Ma insomma, basta con questa storia: avviamoci a tempi più recenti. “vennero i numi tutelari - si rallegra Asciuti – invero un po’ eretici come Cacciari”. Eretici in che senso? Rispetto alla Chiesa propriamente detta o rispetto all’altra? O rispetto ai veri intellettuali rossi? 

Oggi, in ogni caso, abbiamo uno studio organico di Maurizio Guerri, Ernst Junger. Terrore e libertà, che “non opera il tentativo di sdoganare Junger dalla forma politica originaria ma al contrario di comprenderlo nei termini del suo pensiero”. Naturalmente “privilegiando uno sguardo ‘di sinistra’ (non a caso la sua bibliografia non fa se non labili riferimenti alla vasta messe di testi critici editi a destra)”. Va detto che Asciuti non esita a sporcarsi le mani: per delineare i punti cardine dell’esistenza di Junger cita i quattro fiumi della vita di Mishima.
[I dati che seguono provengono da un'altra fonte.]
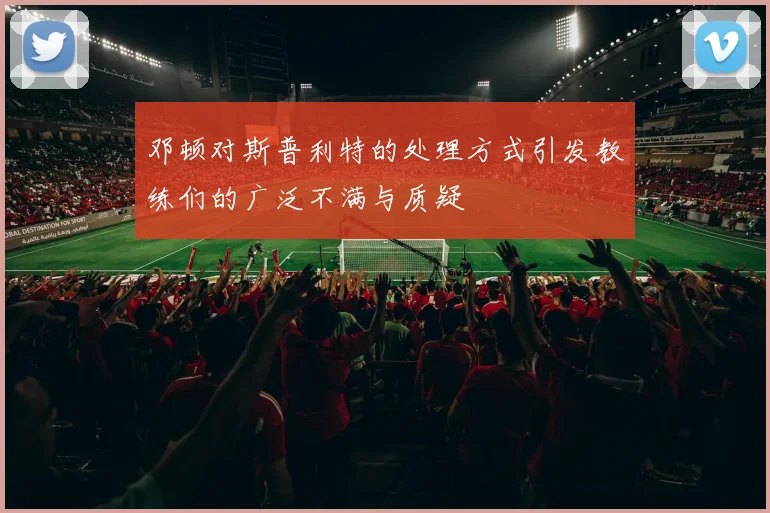 邓顿对斯普利特的处理方式引发教练们的广泛不满与质疑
Mishima, mica Gramsci. E lo ricita a proposito della pulsione di morte che attraverserebbe l’intera opera del tedesco. Scopriamo però che, prendendo in esame La mobilitazione totale, Guerri (o Asciuti? non è ben chiaro) ritiene gli Stati Uniti i veri maestri di questo genere di mobilitazione (ovvero dell’organizzazione produttiva in tempo di pace come se si fosse in guerra). Tutti i salmi finiscono in gloria: gli americani sono sempre un po’ più nazisti dei nazi. Egemonicamente.